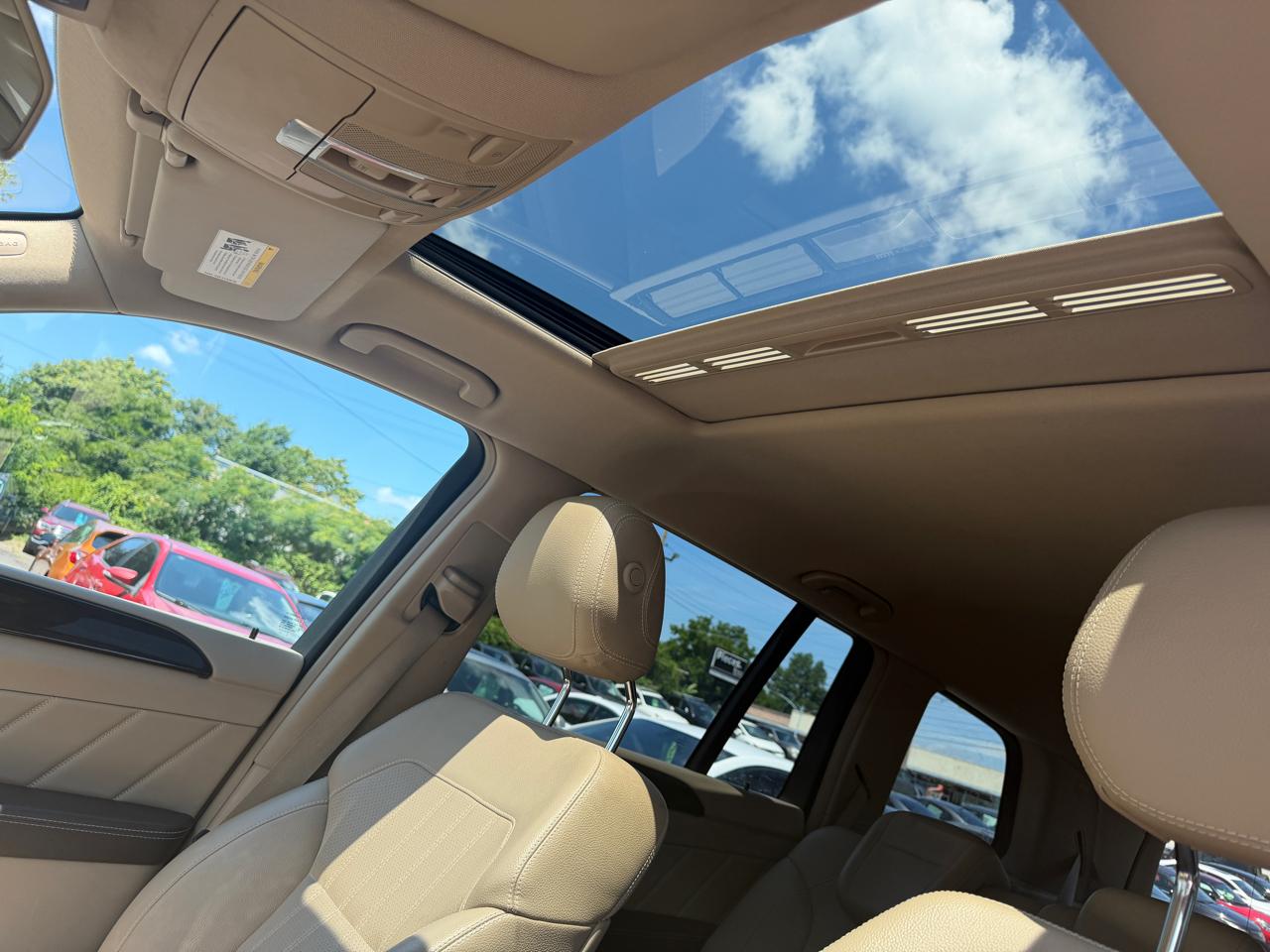 Mercedes-Benz GL-Class  2016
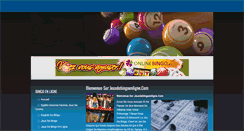 Desktop Screenshot of jeuxdebingoenligne.com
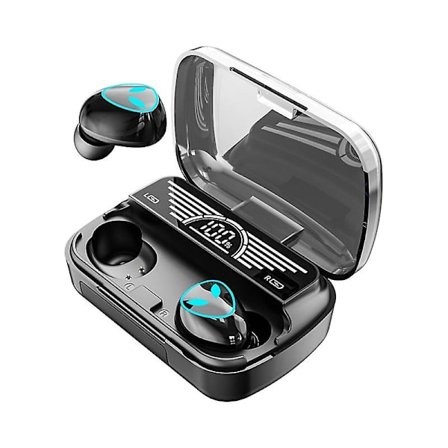 Tws Bluetooth 5.3 Hörlurar Touch Control Mini In-ear Hörlurar True Wireless Hörlurar Brusreducering Stereo Sport Handsfree Headset Med Laddningsfodral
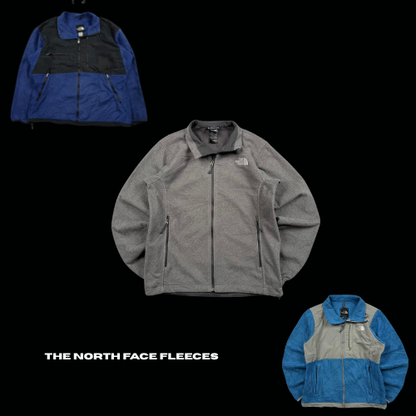 10x The North Face Fleeces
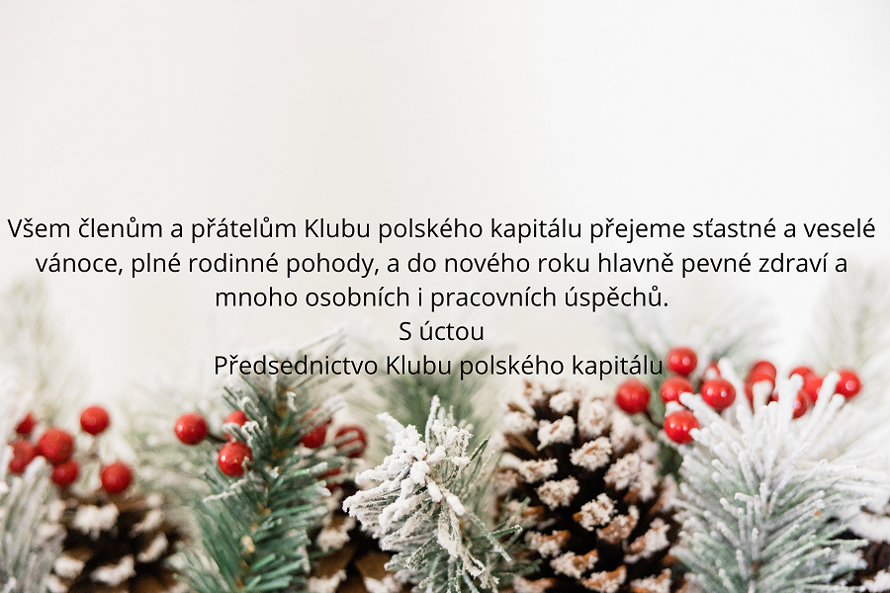 Vánoční a novoroční přání k Novému roku 2025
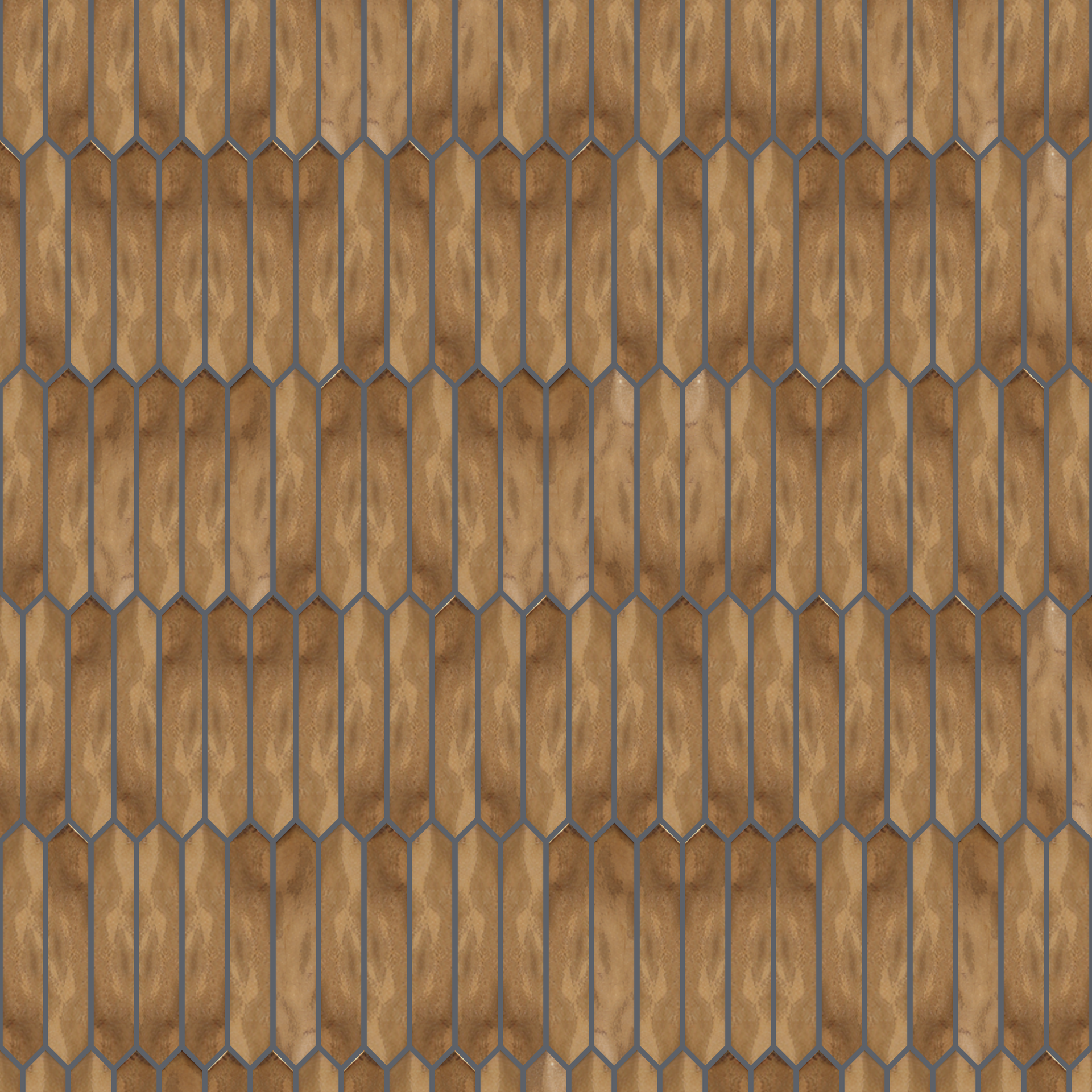Bling Gold Losanga Glossy | 5x25cm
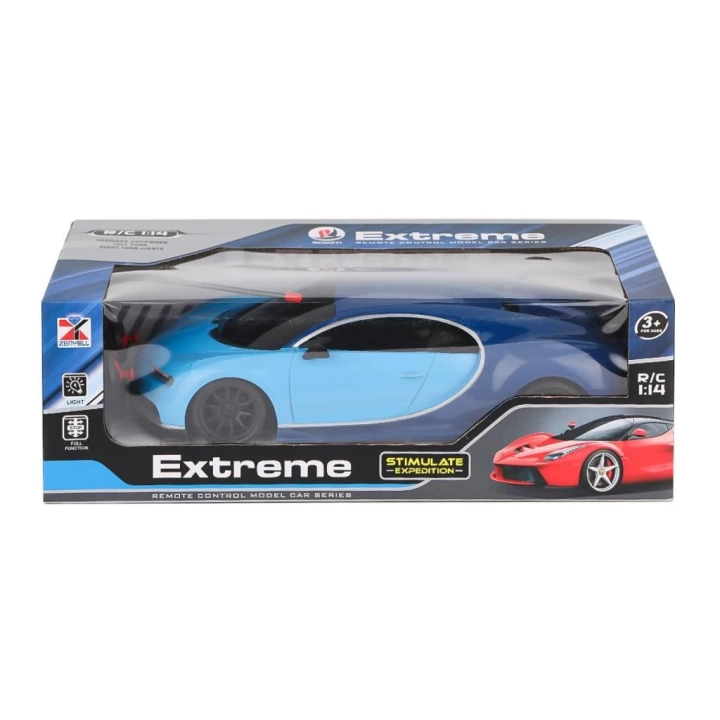BFS   1385-9A Kumandalı  Şarjlı Extreme Spor Araba -Halitcan Oyuncak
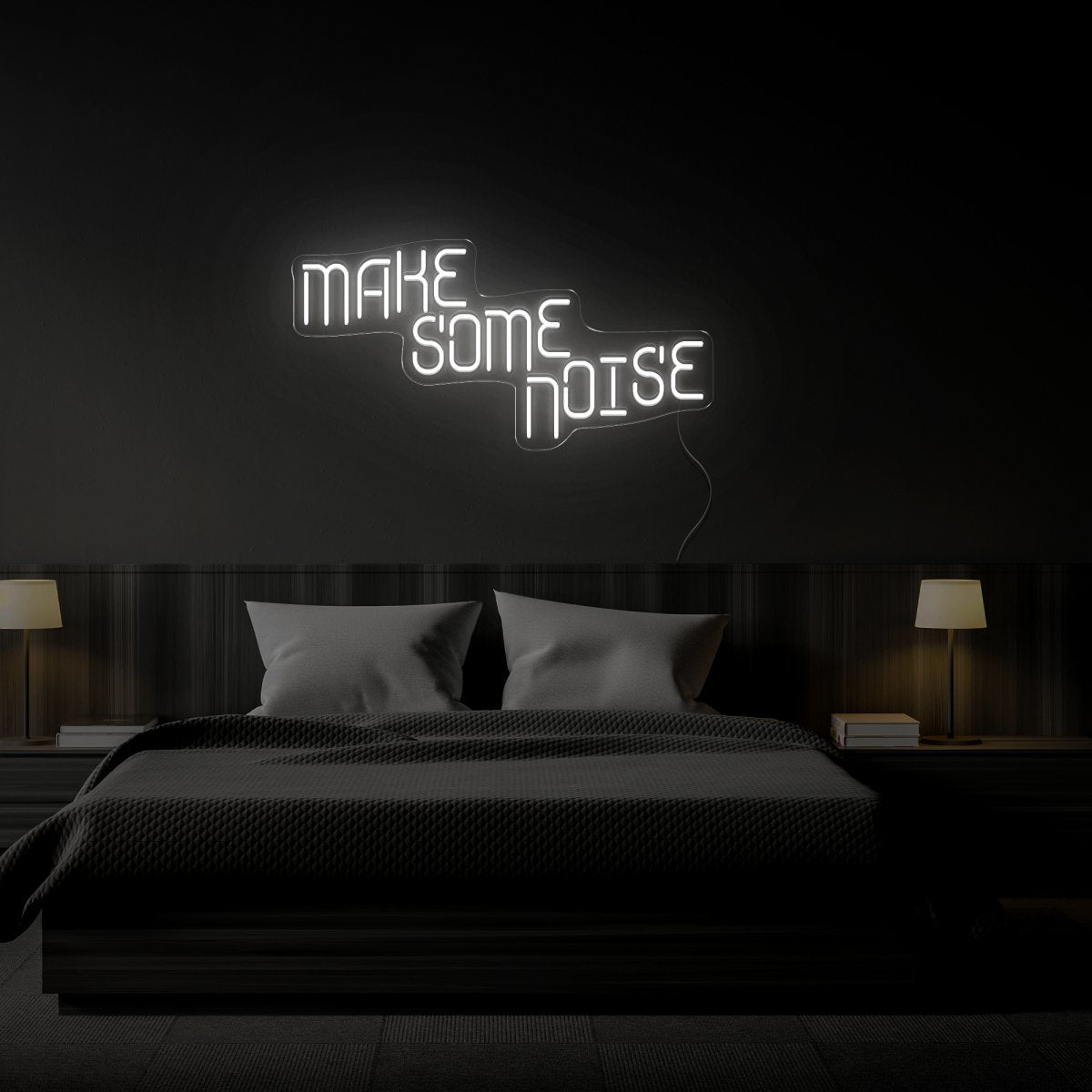 Make Some Noise Neon Sign - Reels Custom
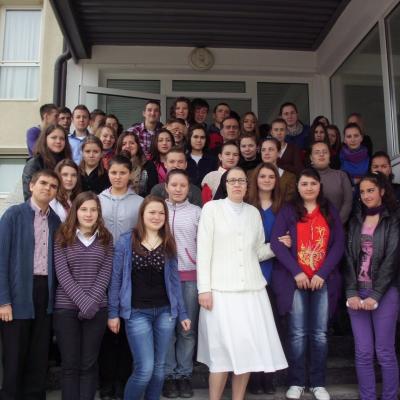 7-10 aprilie: Barticeşti: Exerciţii spirituale pentru tineri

- _Exercise details_
All lines from the one containing "Bling Gold Losanga Glossy | 5x25cm" through the final line of the entries above are to be copied exactly; the pictures are not.

- _Exercise answer_
Bling Gold Losanga Glossy | 5x25cm
BFS   1385-9A Kumandalı  Şarjlı Extreme Spor Araba -Halitcan Oyuncak
 Make Some Noise Neon Sign - Reels Custom
 7-10 aprilie: Barticeşti: Exerciţii spirituale pentru tineri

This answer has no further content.